--- AVAILABLE DATA ---
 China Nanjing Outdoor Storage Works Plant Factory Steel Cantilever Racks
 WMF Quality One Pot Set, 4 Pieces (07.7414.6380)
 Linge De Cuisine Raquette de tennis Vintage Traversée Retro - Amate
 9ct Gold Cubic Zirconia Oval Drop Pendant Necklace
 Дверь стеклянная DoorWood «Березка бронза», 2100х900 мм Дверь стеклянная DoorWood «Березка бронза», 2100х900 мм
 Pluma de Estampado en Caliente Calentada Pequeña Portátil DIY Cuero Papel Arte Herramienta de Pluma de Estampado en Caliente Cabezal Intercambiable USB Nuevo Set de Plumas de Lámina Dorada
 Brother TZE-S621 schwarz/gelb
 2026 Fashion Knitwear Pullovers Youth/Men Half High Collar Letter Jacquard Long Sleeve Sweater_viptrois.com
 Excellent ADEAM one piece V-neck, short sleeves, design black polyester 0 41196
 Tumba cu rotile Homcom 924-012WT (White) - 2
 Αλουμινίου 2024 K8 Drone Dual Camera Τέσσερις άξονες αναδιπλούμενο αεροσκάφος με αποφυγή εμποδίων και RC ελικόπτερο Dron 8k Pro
---
* [REQUIRED ACTION]: From the opening line of the data above through the line holding "Tumba cu rotile Homcom 924-012WT (White) - 2", give every line again exactly as it stands.

* [SOLUTION TO THE EXERCISE]:
 China Nanjing Outdoor Storage Works Plant Factory Steel Cantilever Racks
 WMF Quality One Pot Set, 4 Pieces (07.7414.6380)
 Linge De Cuisine Raquette de tennis Vintage Traversée Retro - Amate
 9ct Gold Cubic Zirconia Oval Drop Pendant Necklace
 Дверь стеклянная DoorWood «Березка бронза», 2100х900 мм Дверь стеклянная DoorWood «Березка бронза», 2100х900 мм
 Pluma de Estampado en Caliente Calentada Pequeña Portátil DIY Cuero Papel Arte Herramienta de Pluma de Estampado en Caliente Cabezal Intercambiable USB Nuevo Set de Plumas de Lámina Dorada
 Brother TZE-S621 schwarz/gelb
 2026 Fashion Knitwear Pullovers Youth/Men Half High Collar Letter Jacquard Long Sleeve Sweater_viptrois.com
 Excellent ADEAM one piece V-neck, short sleeves, design black polyester 0 41196
 Tumba cu rotile Homcom 924-012WT (White) - 2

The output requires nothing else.